Two technologies the continent of Africa can really use: Bicycles and cell phones.

You'll recall what the suffragettes said about the bicycle: That in the US, it was single biggest contributor to women getting the right to vote. Similarly, it's been shown that fascist societies tend to tumble in direct proportion to the availability of private telephone lines.



Both cell phones and bikes seem like something you can easily just airlift into the Dark Continent, without a lot of infrastructure. But of course you need some infrastructure. Thus cell phones don't need a lot of hard wiring, but they do need cell towers and battery chargers. Bikes don't need paved roads or gas stations, but they do require mechanics and spare parts.

Folks in Uganda have designed an ingenious invention to at least keep the phones live: It's a bike generator designed to charge cell phones, so bike owners can be cell phone owners without depending on others for line electricity.



Personally, I think all cell phones around the entire planet should come with renewable energy supplies -- whether through solar power, handcranked dynamos, or the cool new shake-n-bake technology I got in my Christmas stocking last year. (I spend so much time irrationally shaking my Blackberry at the Gods that it would be great if that was actually charging the battery.)

Nice rack! There was one?

New York City is sponsoring a design competition for a new city bike rack. Apparently, the Powers That Be are hoping to update the Big Apple's current line of racks, and to develop something a bit more "iconic." Winners of the competition will not only see their design sprout like a dozen sunflowers somewhere in the city. They'll be honored at the Cooper-Hewitt design museum.

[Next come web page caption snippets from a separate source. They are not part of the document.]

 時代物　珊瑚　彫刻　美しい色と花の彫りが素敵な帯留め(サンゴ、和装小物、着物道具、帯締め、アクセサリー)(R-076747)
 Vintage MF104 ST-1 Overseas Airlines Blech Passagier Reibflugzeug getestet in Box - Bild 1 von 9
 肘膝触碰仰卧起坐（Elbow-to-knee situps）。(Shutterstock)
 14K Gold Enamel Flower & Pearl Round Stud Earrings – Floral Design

Zac Frank, a transportation official, explained that the two dominant bike rack design on city sidewalks. The first is the wavy rack, “called the continuous curve,” he said. “There is one called the single inverted U — and it is called the ‘inverted U,’” he added, helpfully.

City Room objected, dismayed that the wavy one — which is elegant and simple and ziggy — might be jettisoned.

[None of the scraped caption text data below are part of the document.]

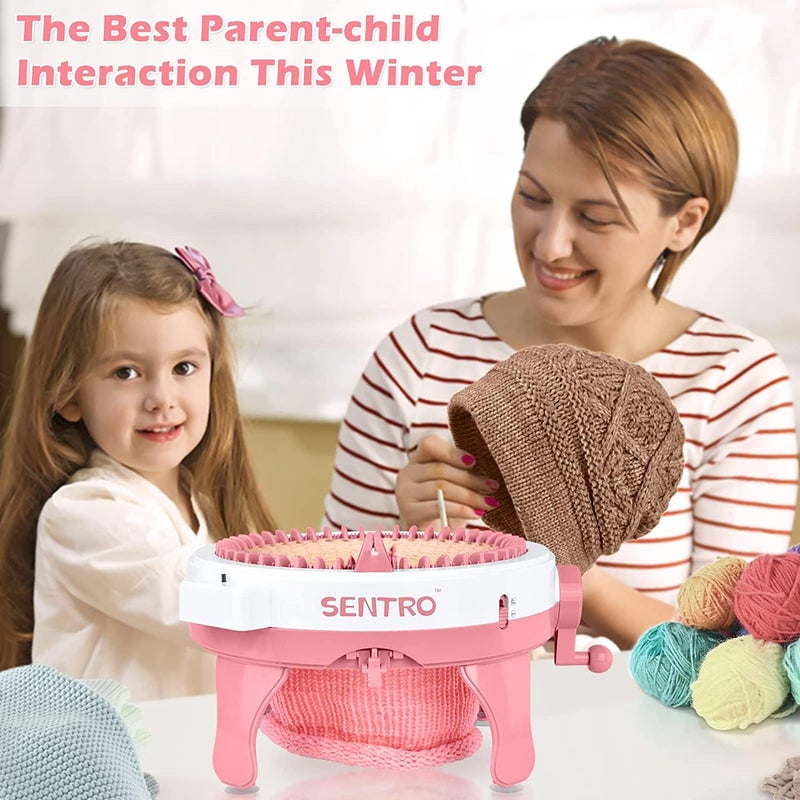 Sentro آلة الحياكة SENTRO 48 إبرة، آلة حياكة ذكية، مجموعة آلة النسيج المزدوج، مجموعة الحياكة والكروشيه للمبتدئين، مجموعة DIY لآلة النسيج للكبار/الأطفال - Image 2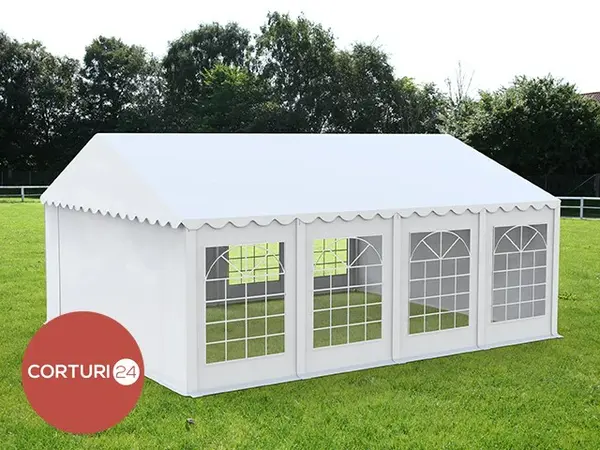 4x8 m Cort Evenimente ECONOMY, PVC alb - Default Title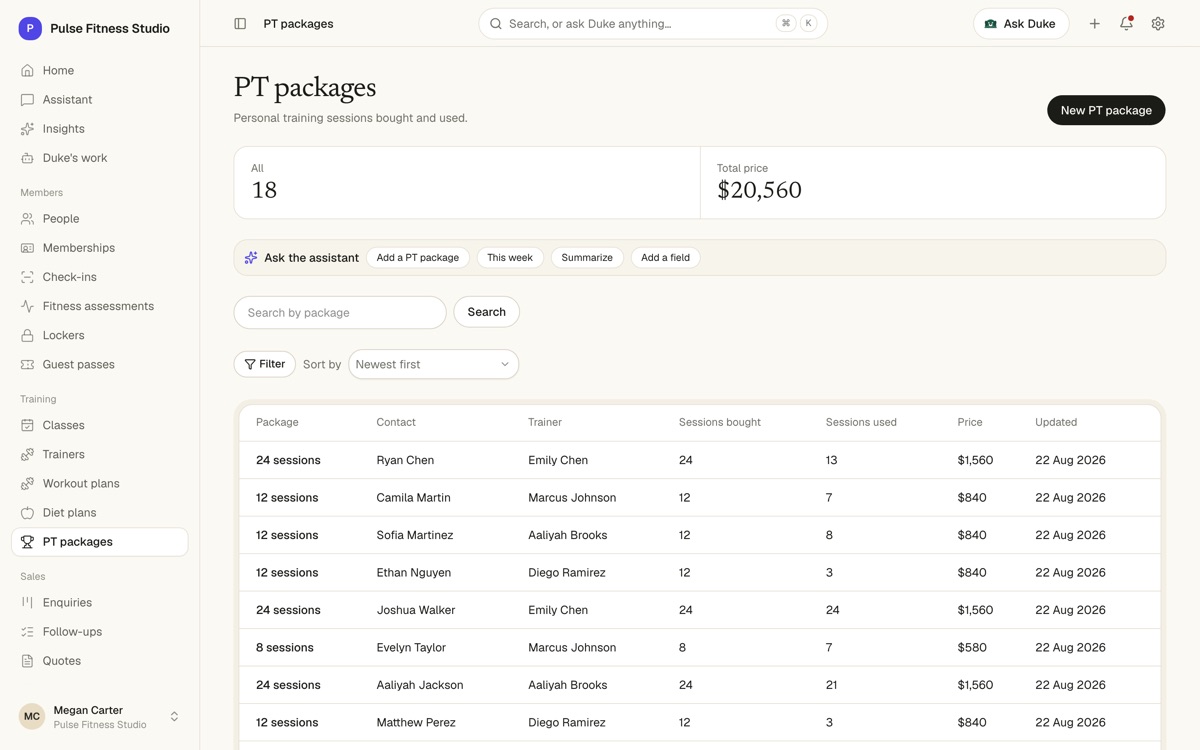 A PT packages table with trainer, sessions bought and used, price and expiry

“I think the wavy thing is good too,” Mr. Frank said. “But it’s just been around for a long time.” Or as the news release put it, the current rack “does not fulfill its potential to be an icon for New York City cycling.” (Ouch!)

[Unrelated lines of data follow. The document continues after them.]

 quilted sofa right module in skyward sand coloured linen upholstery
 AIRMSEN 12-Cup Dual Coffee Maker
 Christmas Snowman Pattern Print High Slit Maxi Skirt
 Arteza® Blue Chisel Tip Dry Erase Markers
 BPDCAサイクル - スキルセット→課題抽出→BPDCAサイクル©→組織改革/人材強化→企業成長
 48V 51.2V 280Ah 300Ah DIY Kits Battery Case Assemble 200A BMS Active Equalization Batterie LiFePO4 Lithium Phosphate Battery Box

Two things. First, I personally have not yet seen a bike rack in the world that I would call "iconic." Have you? It's a noble aspiration, but I mean... it's a bike rack.



Second, I hope to God they don't remove or replace the old, less-than-iconic racks. Frankly, it was news to me that the city even has a meaningful bike rack policy, program and presence. I never saw a single bike rack in a whole year of bike commuting from Park Slope to Mid-Town, and to call any bike rack design "dominant" there is a real hat-stretcher.

Thursday, March 13, 2008

The Budweiser of bike brands sponsors a team

The new Canadian owners of Cannondale, Dorel, also happen to own Schwinn -- maybe one of the world's oldest and most abused bike brands. They bought them back in 2004.


Schwinn has always been more of a presence at bike shops and garage sales than at races or philanthropic events. (Right now, the Schwinn "team" consists of one BMX rider: TJ Lavin.)

But today, Schwinn signed up to be the first major bike sponsor of Team in Training, the Lymphoma and Leukemia Society's running and cycling program that about 40,000 people participate in each year. That complements another cool project they're already involved with, Tom Ritchey's Project Rwanda. Schwinn helped Ritchey design and build work bikes for Rwandan coffee farmers that are currently being rolled out with help from the Scallywags. (Neat how everything is connected thataway, huh?)

Now if they could step up to the plate and ask people to stop converting all those old Varsities and LeTours into fixies, that would pretty much guarantee Schwinn's place in Heaven. Of course, as everyone knows, travelers carrying a Canadian passport always get into Heaven without a hassle.

The bike-friendliest mayor this side of Paris gets his wish

That proposal Mayor Richard Daley had to ticket car drivers who door cyclists or cut them off with the old right hook? It got the thumbs up from the Chicago city council this week.



Careless Chicago cagers now risk fines of up to 500 bucks -- if, of course, Windy City police can be compelled to give a crap.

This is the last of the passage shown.